それが来るのは必ず、うつ病が良くなる時であった。

ご承知のとおり、私のは典型的なうつ病と少々違う。躁病は経験していないが、うつ病の回数の多さや、うつ状態からの抜け出しやすさ、つまり「動きやすさ」は、うつ病と言うよりも躁うつ病に近いのだろう。

だから、これをすべてのうつ病患者の方が経験するとは思わない。
もしかしたら私のように、あんまり早く良くなり過ぎる者の痛みかもしれない。

それに、薬を飲み出して、うつ状態がかなり軽く抑えられるようになってからは、一度も来ていない。

うつ病真っ盛りの時にはわからない。
それなのに、これで治るなって思う時、(それはなんとなく自分でわかる。)その感覚は突然やってくる。

傷口に薬をつけた時のあの感じ。

痛いというのか、しみるというのか、とにかく心のざらつきがわかる。
こんなに心がささくれ立っていたんだ、こんなに荒れていたんだと・・・。

うつ病の治りかけの時期のわずか数分間、あれっと思うと、間違いなく胸のあたりがざらざらっとしている感触を味わう。

それがすぐに全く感じられなくなるところを見ると、荒れた心は元に戻っていくのだろうか。

PTSD(post traumatic stress disorder)は、「心的外傷後ストレス障害」と訳される。

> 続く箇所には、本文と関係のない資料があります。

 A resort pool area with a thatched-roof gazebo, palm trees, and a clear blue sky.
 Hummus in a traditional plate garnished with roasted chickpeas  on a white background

心の傷は、トラウマになるほどの強いストレスばかりで起きるのではない。

うつ病で長い間不健康な状態にあっても、心には無数の細かい傷がつくのだと
私は頑なに信じている。


カテゴリー健康・メンタルヘルスから始めていらっしゃたお客様、どうもお越し頂き有難うございました。 12回に渡り「うつ病あれこれ」を書かせて頂きましたが、次回よりは他のカテゴリーからのエントリーになると思います。 前の日記はほとんど全て、もしかしたらウツ状態にあるあなたがお読みになるには、明る過ぎて不適当だと思います。 本当に元気になられて、明るい話題が欲しくなった時に、覚えておいて読んで頂けたら嬉しいです。 尚、右側マイカテゴリーのアーカイブより「番外 うつ病編」や、「ちょっ暗 ダメ母編」を探していただくと、あなたの今の気分で受け入れ易い日記を読んで頂けると思います。 一足お先にこのカテゴリーを抜け出しますが、またどこかで元気になったあなたにお目にかかるのを楽しみにしております。 あなたが一日も早く元気を取り戻されますように・・・・。